» **Instructions for the task**
After locating the line with "a white mask" below, output it and each following line exactly, stopping after the line with "Talerz spaghetti z". No pictures.
::: Exercise input :::
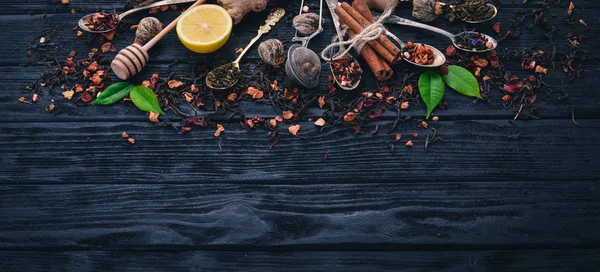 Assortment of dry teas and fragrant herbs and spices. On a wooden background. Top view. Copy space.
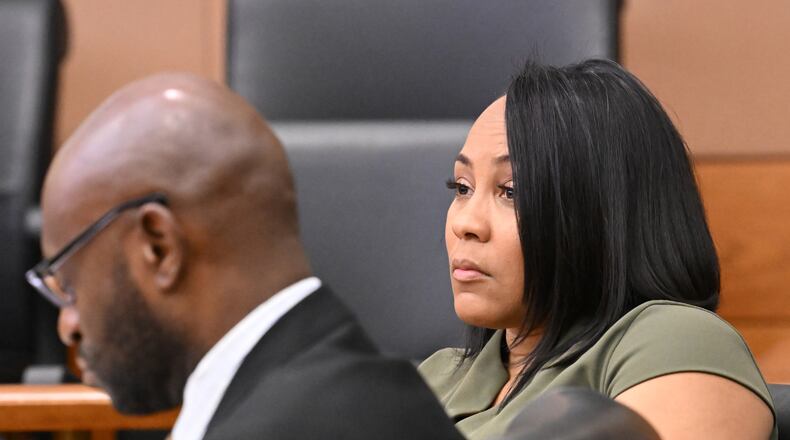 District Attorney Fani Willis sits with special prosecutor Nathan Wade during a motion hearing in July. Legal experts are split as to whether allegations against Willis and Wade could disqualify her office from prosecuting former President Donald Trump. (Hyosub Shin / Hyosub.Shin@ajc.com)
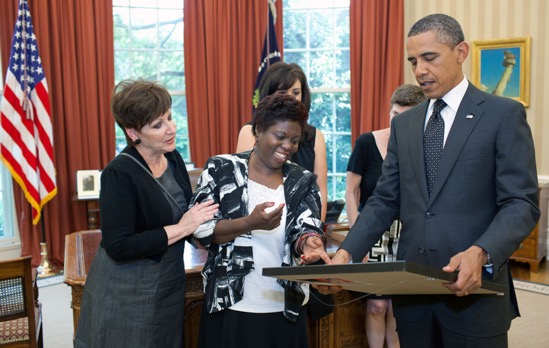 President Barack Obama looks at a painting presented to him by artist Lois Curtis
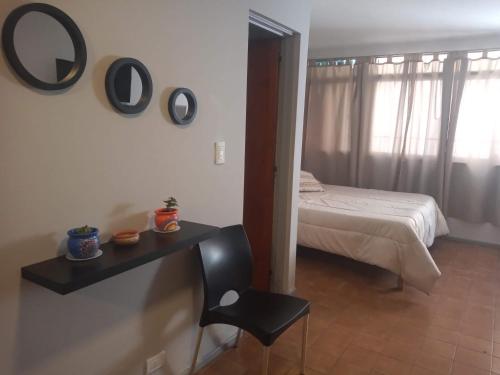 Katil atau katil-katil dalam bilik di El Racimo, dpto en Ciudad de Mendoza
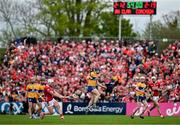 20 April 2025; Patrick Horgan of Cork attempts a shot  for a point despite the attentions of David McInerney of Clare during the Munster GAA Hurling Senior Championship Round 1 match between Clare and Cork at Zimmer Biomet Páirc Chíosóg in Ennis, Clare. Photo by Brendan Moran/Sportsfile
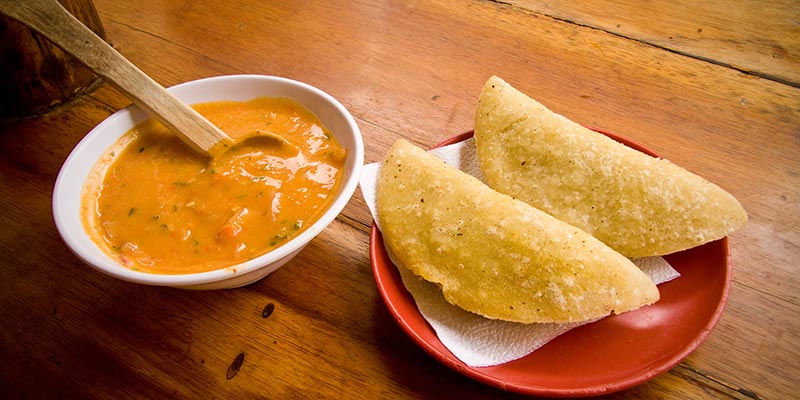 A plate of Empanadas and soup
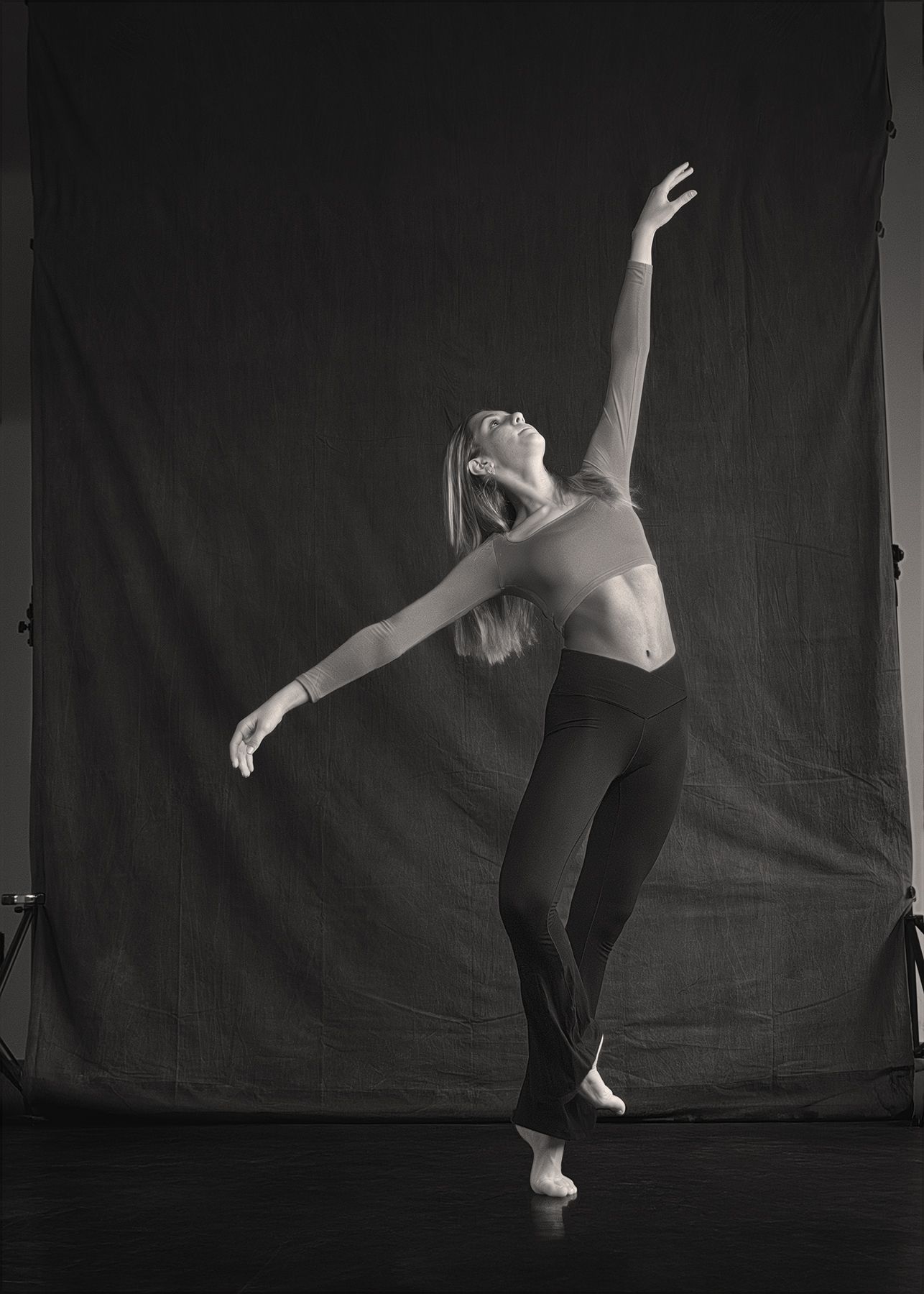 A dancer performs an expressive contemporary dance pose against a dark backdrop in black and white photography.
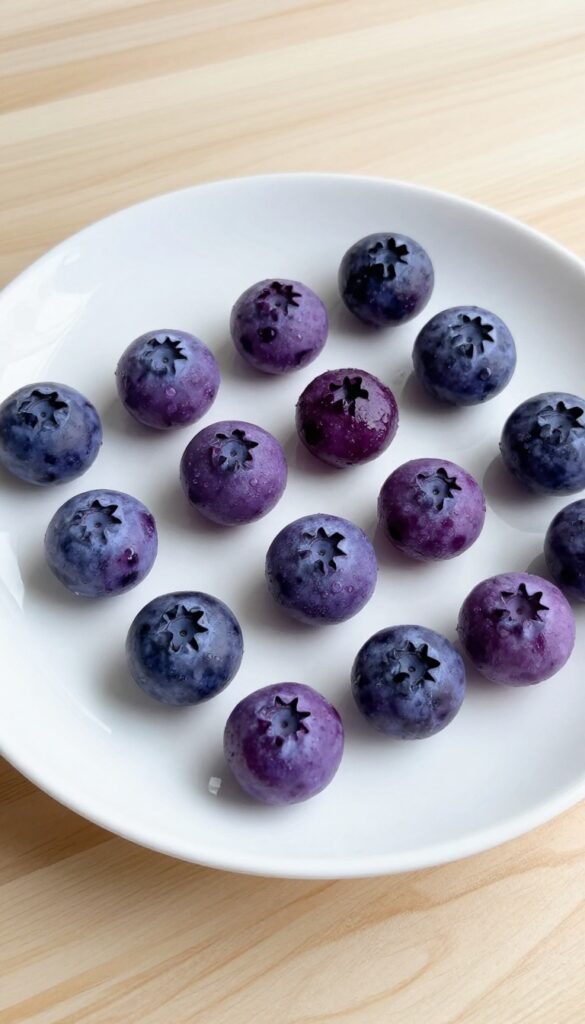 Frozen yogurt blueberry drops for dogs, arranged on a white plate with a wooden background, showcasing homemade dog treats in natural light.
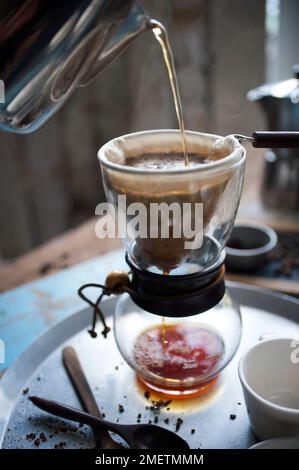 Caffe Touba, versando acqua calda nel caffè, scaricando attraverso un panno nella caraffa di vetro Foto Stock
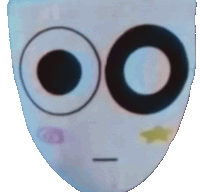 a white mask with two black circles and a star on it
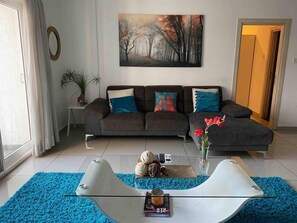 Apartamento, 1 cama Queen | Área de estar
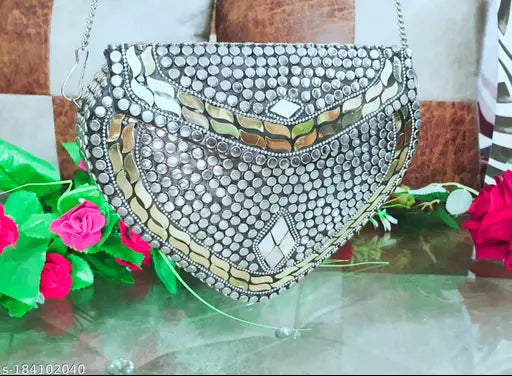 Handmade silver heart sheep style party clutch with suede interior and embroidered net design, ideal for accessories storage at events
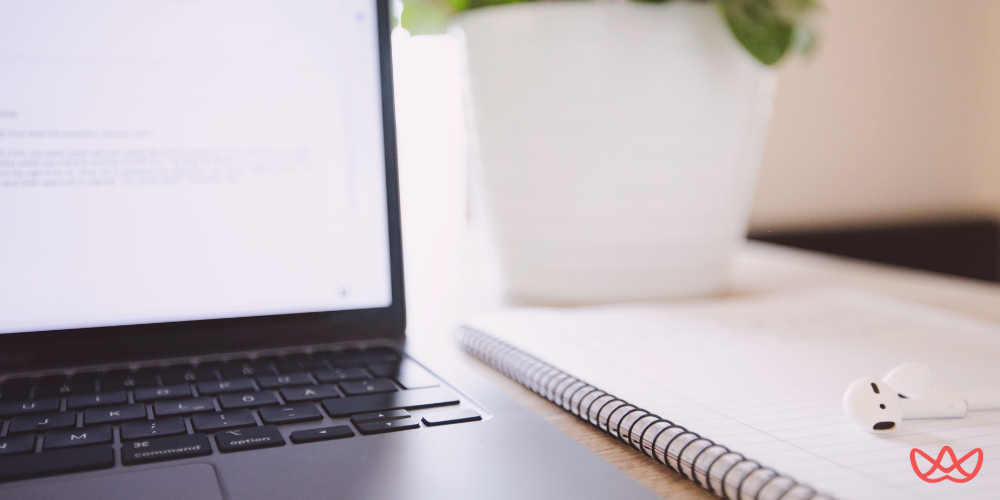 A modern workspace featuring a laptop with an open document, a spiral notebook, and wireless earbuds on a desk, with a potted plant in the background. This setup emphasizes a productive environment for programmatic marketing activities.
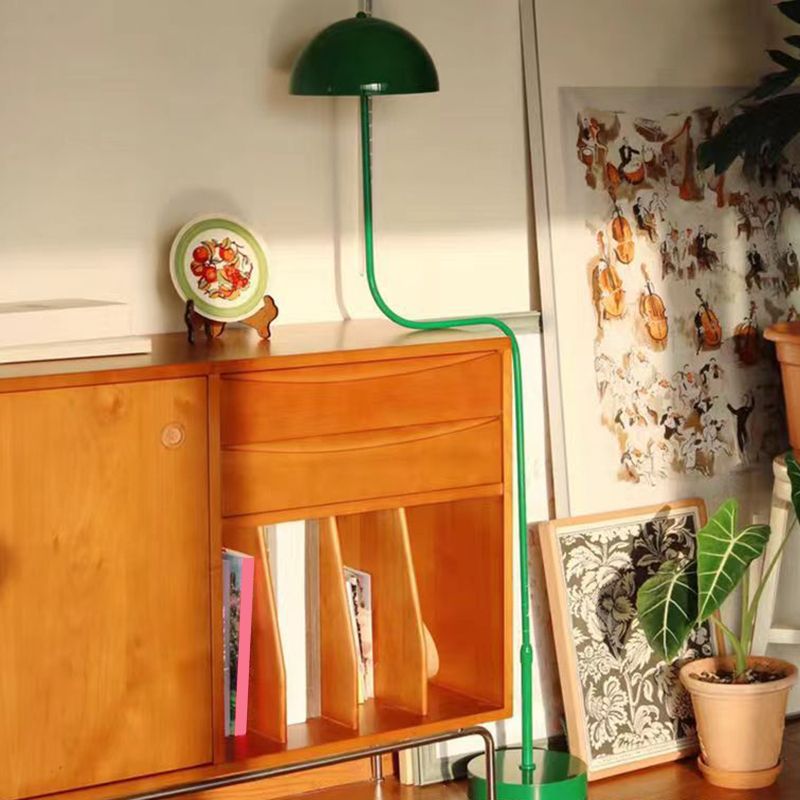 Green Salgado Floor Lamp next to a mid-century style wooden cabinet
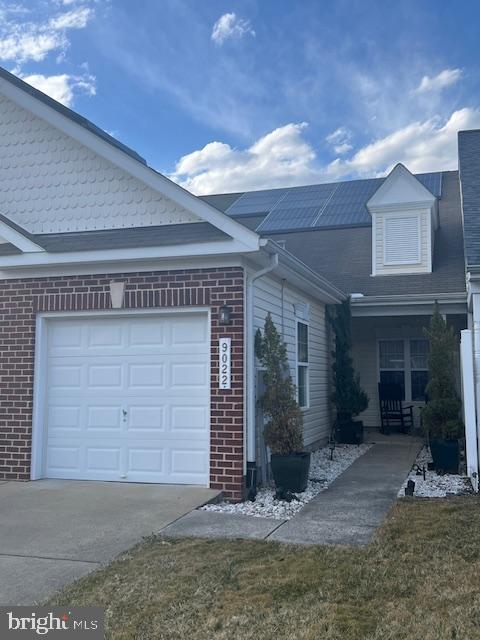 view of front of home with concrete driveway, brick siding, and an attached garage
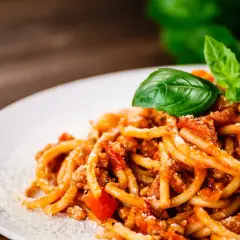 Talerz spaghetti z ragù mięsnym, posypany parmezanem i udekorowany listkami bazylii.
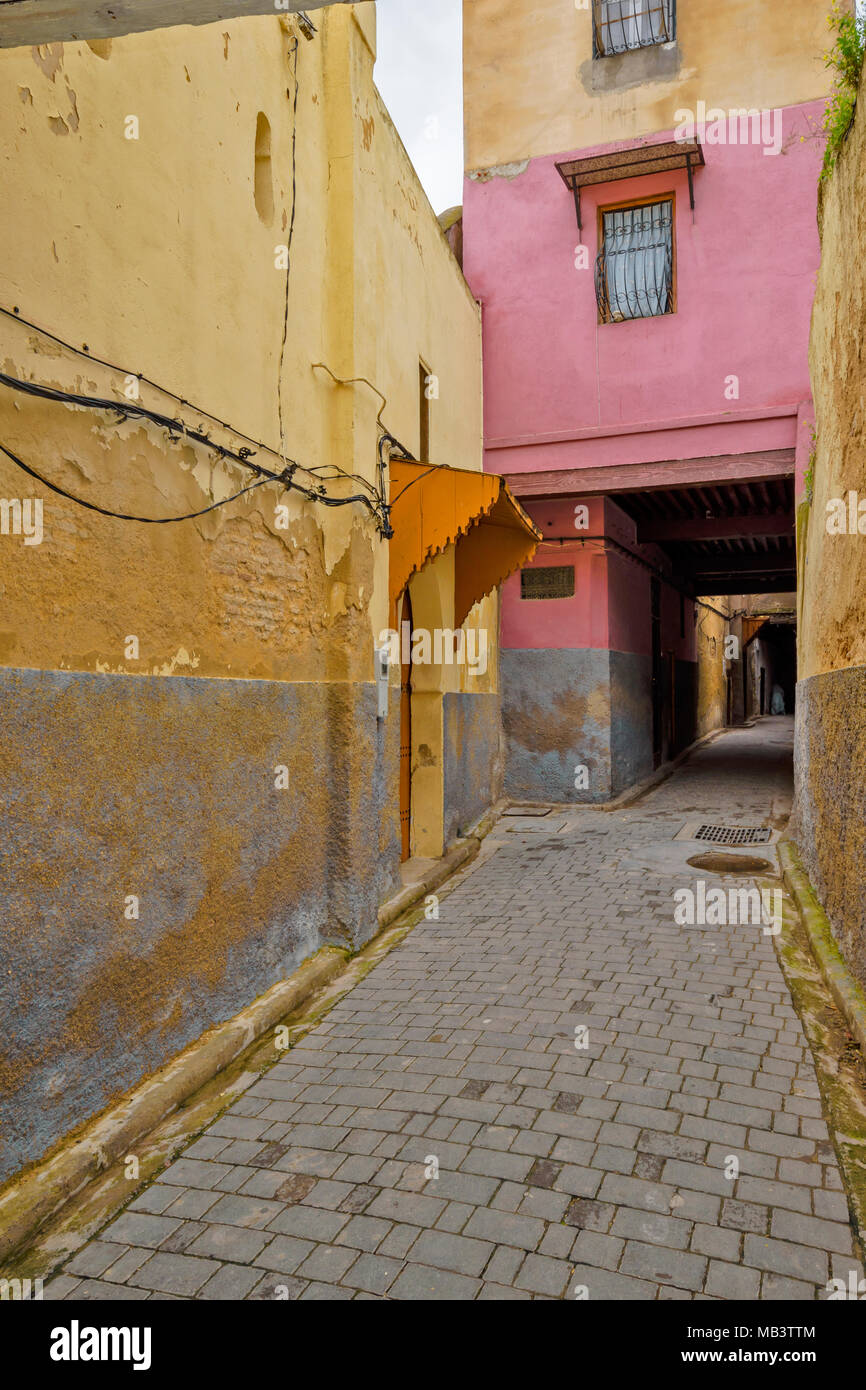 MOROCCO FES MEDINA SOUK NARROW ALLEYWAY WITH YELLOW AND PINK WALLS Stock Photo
:::
» **Result for this task**
 a white mask with two black circles and a star on it
 Apartamento, 1 cama Queen | Área de estar
 Handmade silver heart sheep style party clutch with suede interior and embroidered net design, ideal for accessories storage at events
 A modern workspace featuring a laptop with an open document, a spiral notebook, and wireless earbuds on a desk, with a potted plant in the background. This setup emphasizes a productive environment for programmatic marketing activities.
 Green Salgado Floor Lamp next to a mid-century style wooden cabinet
 view of front of home with concrete driveway, brick siding, and an attached garage
 Talerz spaghetti z ragù mięsnym, posypany parmezanem i udekorowany listkami bazylii.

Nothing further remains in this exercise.